What Hemingway understood is that writing takes energy ("juice", he sometimes called it). And as his policy of not drinking after dinner suggests, he understood also that mental energy is connected to other forms of energy. You need to manage your energies intelligently if you hope to write well and with reasonable ease. Finally, Hemingway understood that good writing is not based wholly (or even mostly) on conscious mental activity. Most of the "work" gets done by the subconscious.

I have noticed this in my children's increasing mastery of sports. My son plays hockey; my daughter figure skates. It is always remarkable to see the improvement that seems to take place between practices, i.e., when they are not on the ice. Clearly they skate—try to skate—one day, and then their subconscious "works with" the moves they have been practicing, also through the night. Two days later, they make the same moves easily that they could barely execute at the last practice.

I think all competence develops in this way.

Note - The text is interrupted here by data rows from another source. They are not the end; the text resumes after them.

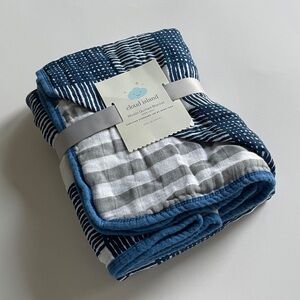 Cloud Island Muslin Quilted Blanket 100% Cotton Blue Stripe 42”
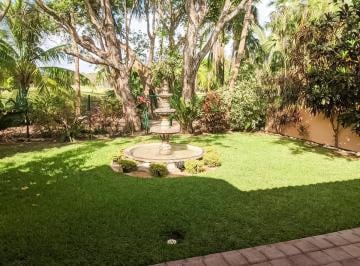 Casa · 200m² · 2 Recámaras · 2 Estacionamientos · Casa - Puerto Aventuras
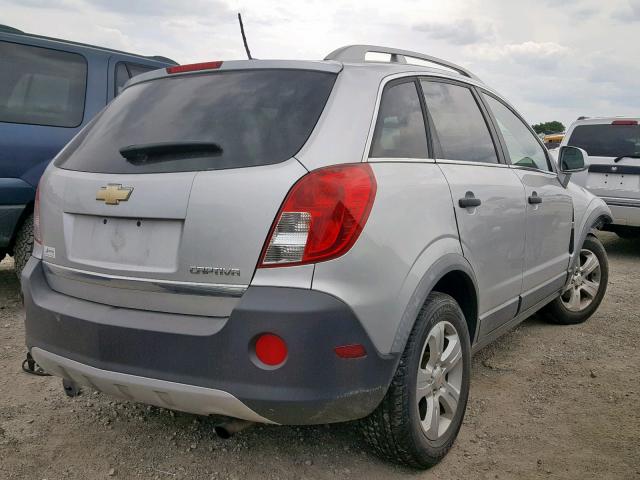 3GNAL2EK6FS519385 - 2015 CHEVROLET CAPTIVA LS SILVER photo 4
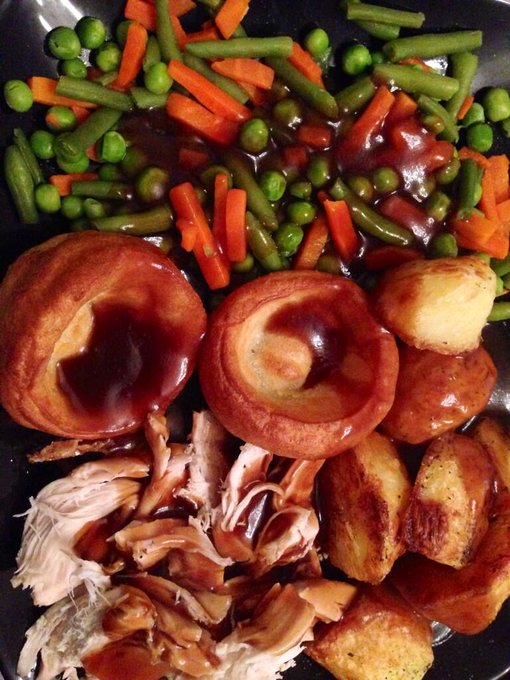 Exactly what I needed after a hectic few days at @PlayboyTVChat 😛 #sundayroast http://t.co/ILtwp6xw6<a href="/tag/sundayroast"class="tags"><span>#sundayroast</span></a>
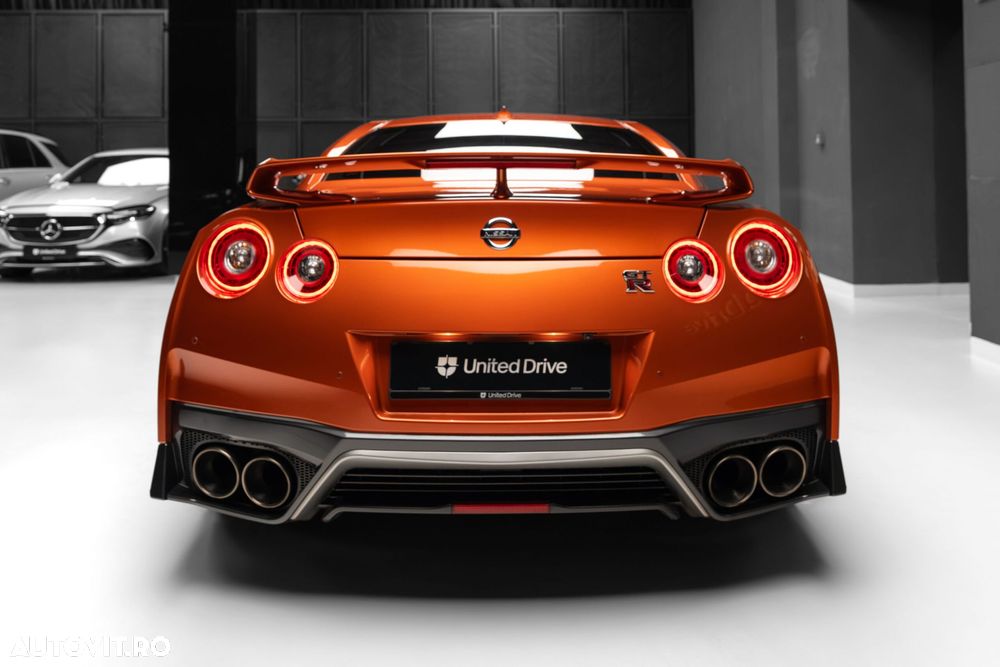 Nissan GT-R - 38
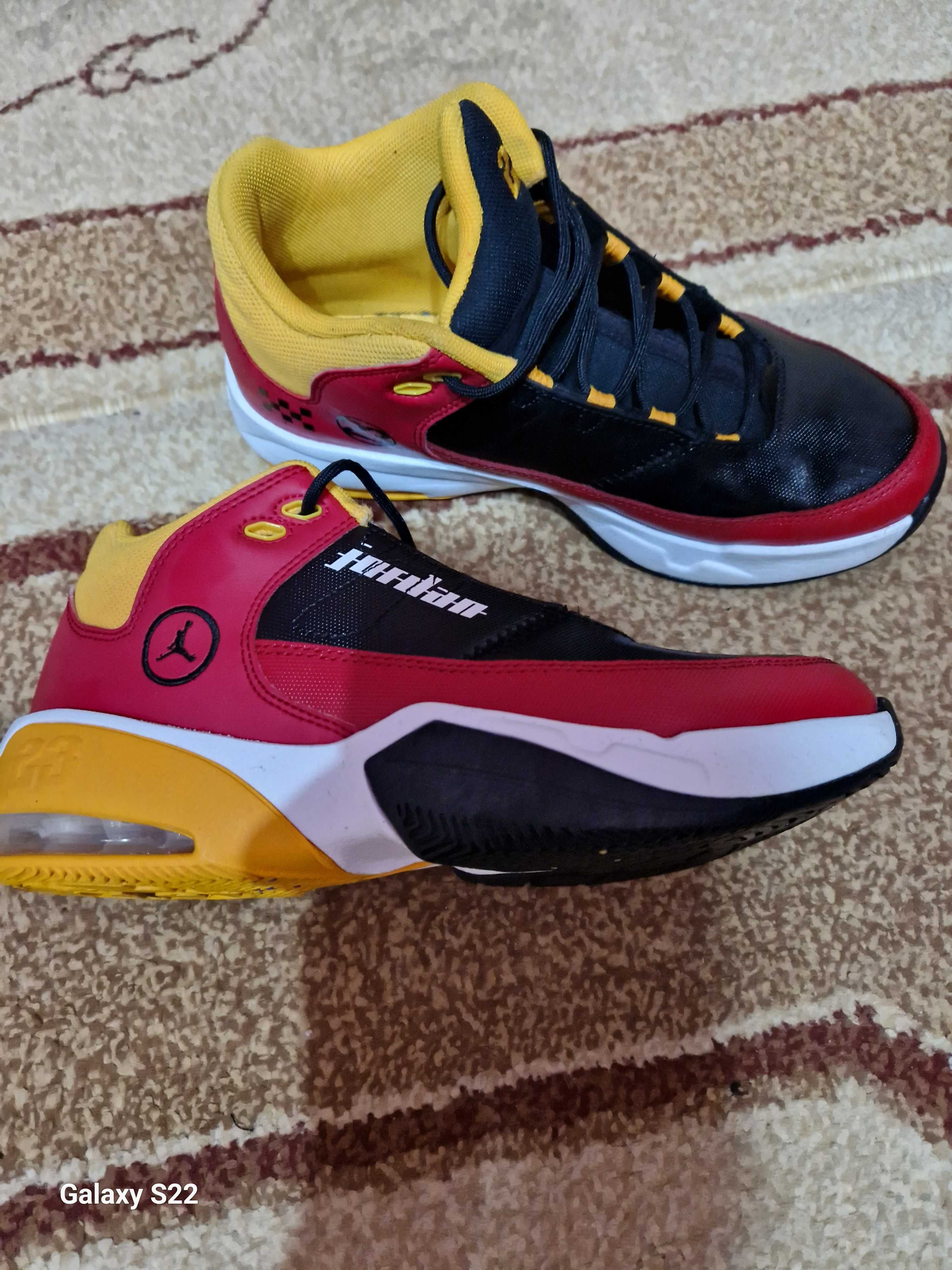 Jordan marime 39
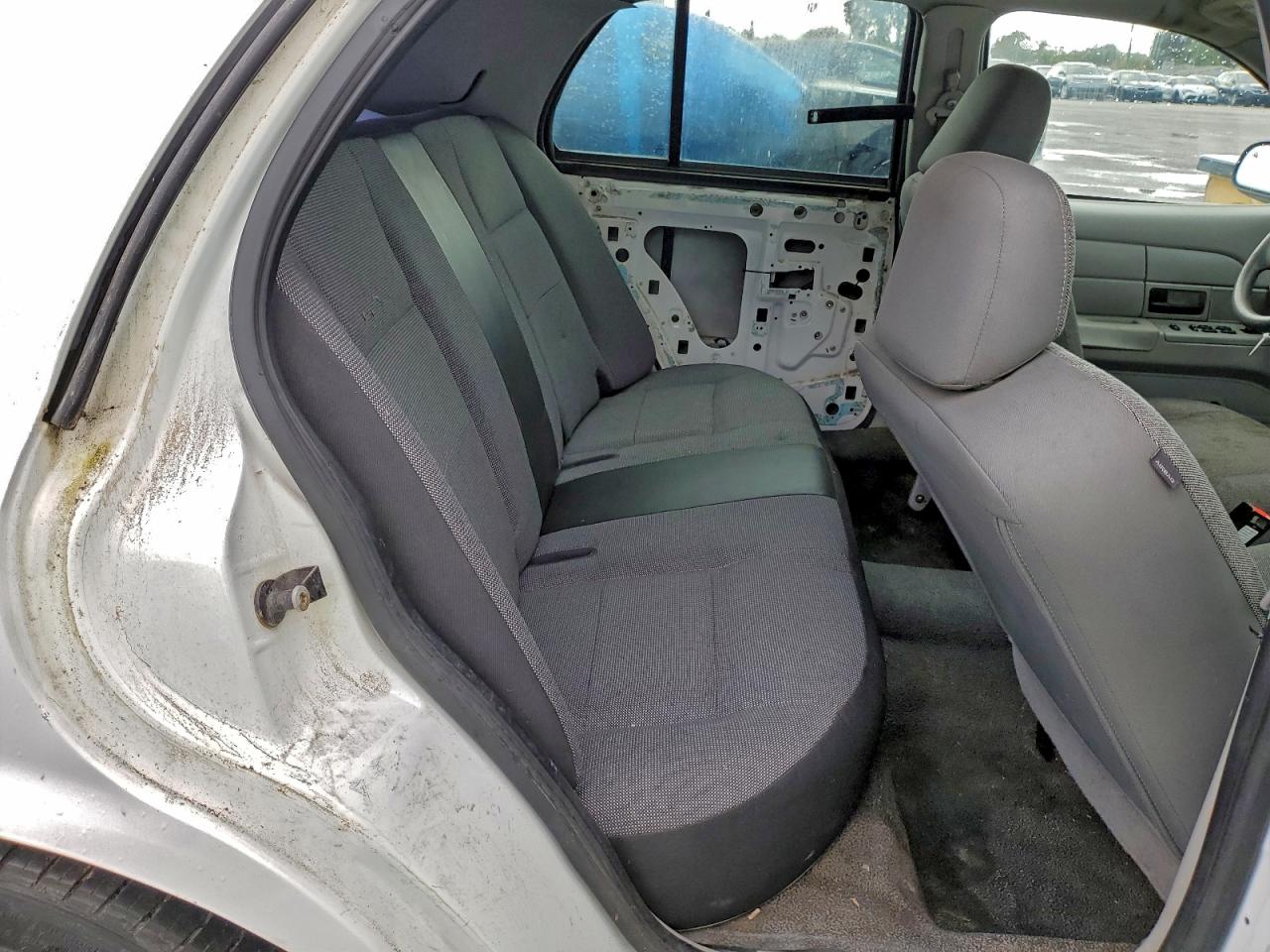 2005 Ford Crown Victoria Police Interceptor VIN: 2FAHP71W75X160000 Lot: 93773375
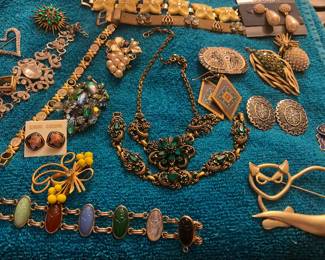 Vintage Costume Jewlery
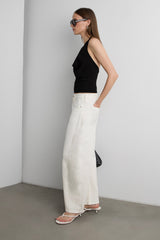 MID-RISE CURVED WAIST BARREL LEG PANT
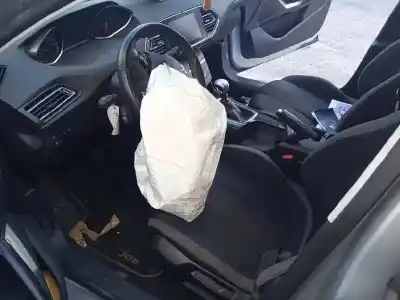 Sloopvoertuig peugeot 308 sw style van het jaar 2016 aangedreven hn02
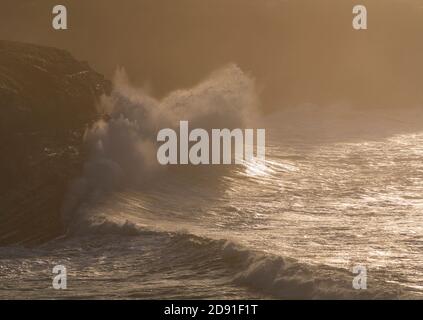 Onde che si infrangono sulla spiaggia di Portio y Cerria sulla Costa Quebrada, sulle scogliere di Liencres nel comune di Piélagos nella OCM autonoma Foto Stock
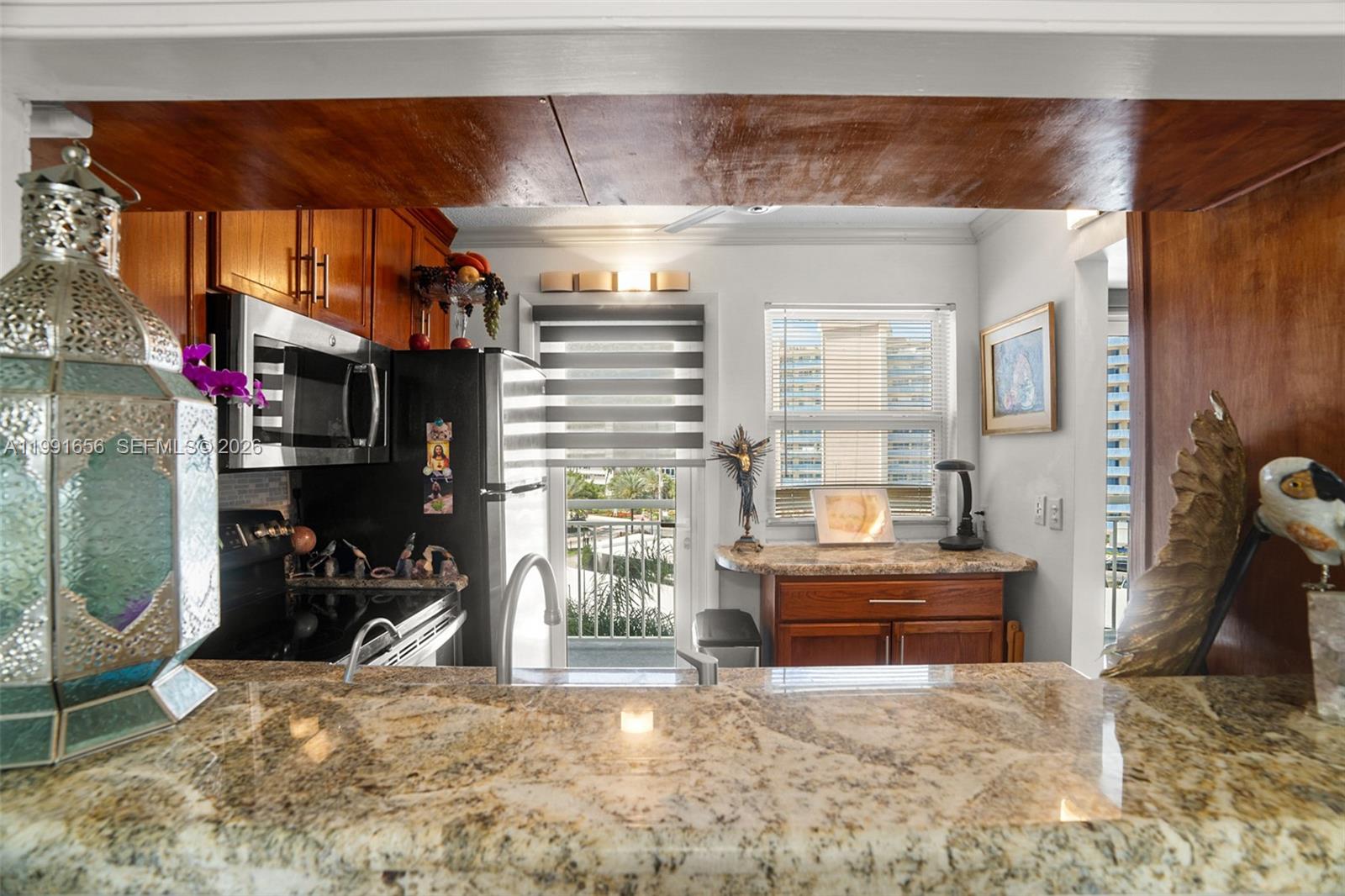 GRANADA HOUSE CONDOMINIUM - Residential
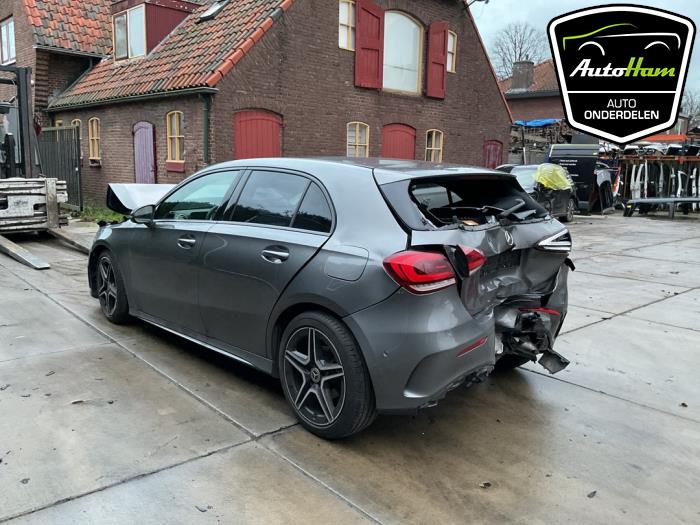 Mercedes A 1.3 A-180 Turbo 16V Épave (2019, Gris)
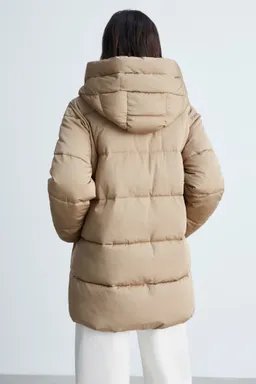 Anorak midi acolchado con capucha de Mango en Chaquetas para argentina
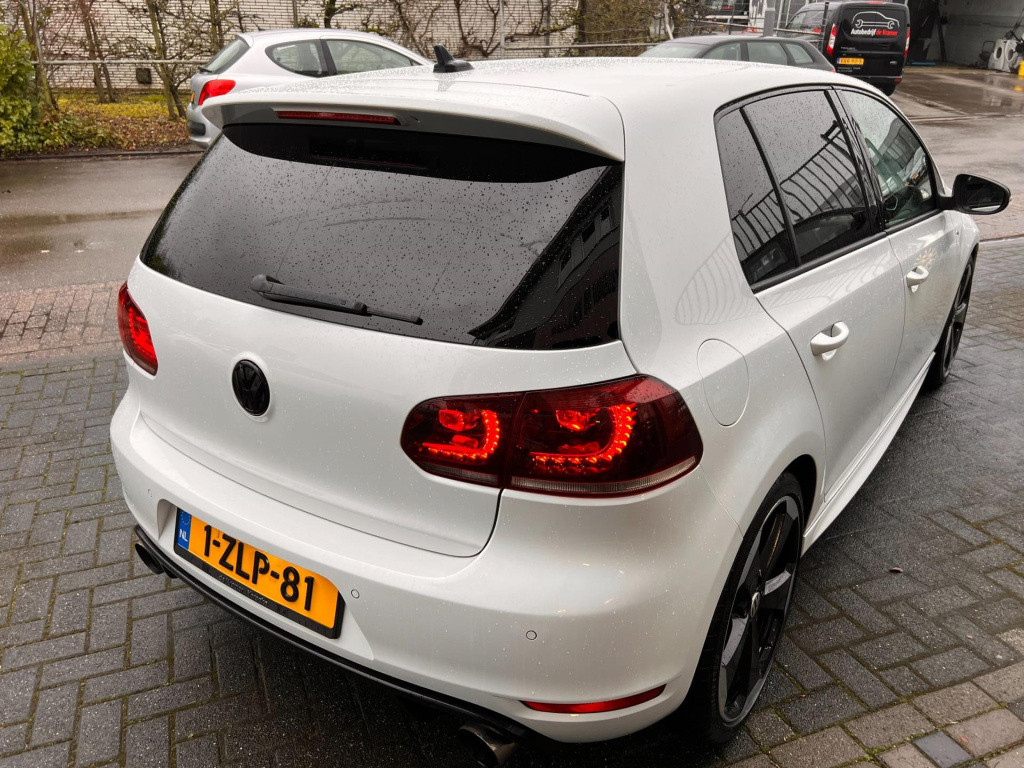Volkswagen Golf 2.0 gti edition 35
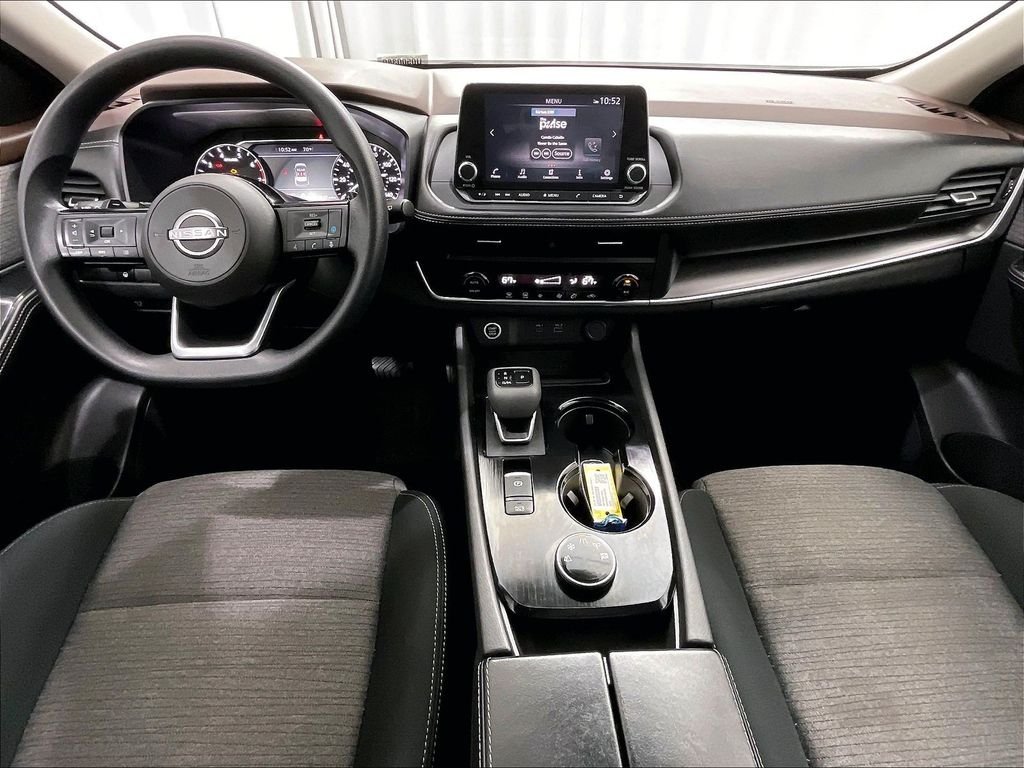 Used 2023 White Nissan SV image 21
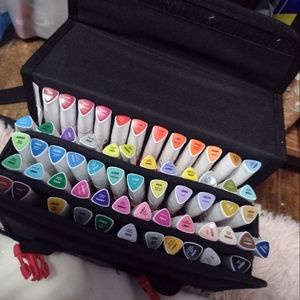 Arteza professional blending art markers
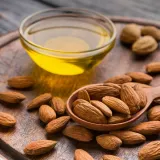 naturalny-olej-ze-slodkich-migdalow-1-litr-szklana-butelka-z-stan-nowy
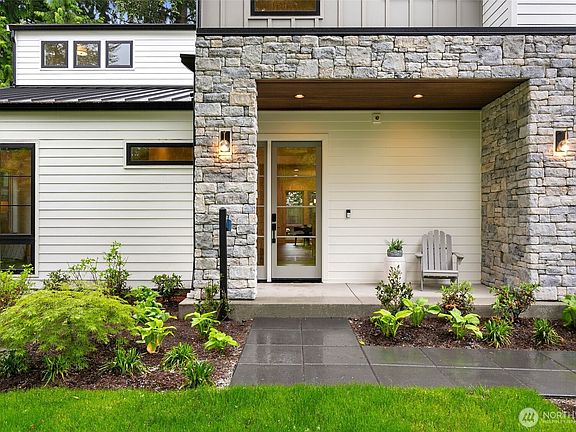 2nd image of 4526 89th Avenue SE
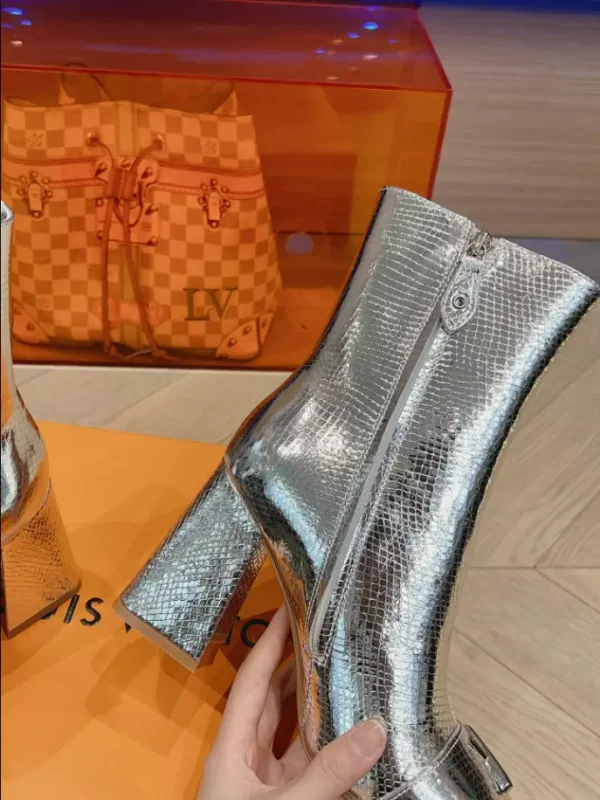 LOUIS VUITTON SHAKE ANKLE BOOT – WLS018 - Image 9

And progress can be hindered by working yourself too hard, by not taking breaks, by not letting your subconscious catch up. In fact, competence can be destroyed by not shifting between the effort to work and the effort to forget the work. I'm not here just talking about your ability as a writer, by the way. I mean that your knowledge of your subject matter will develop in a more robust and healthy way if you write consciously about for a few hours every day, and then stop thinking about it (what you're writing about) and turn your mind to other things (like reading about related but different matters, or going back into the field, or teaching). The whole trick is to engage with very complex materials every day after having made a serious effort, for a few hours in the morning, to find what Ezra Pound called "the simplest possible statement" of your understanding of a small portion of those materials.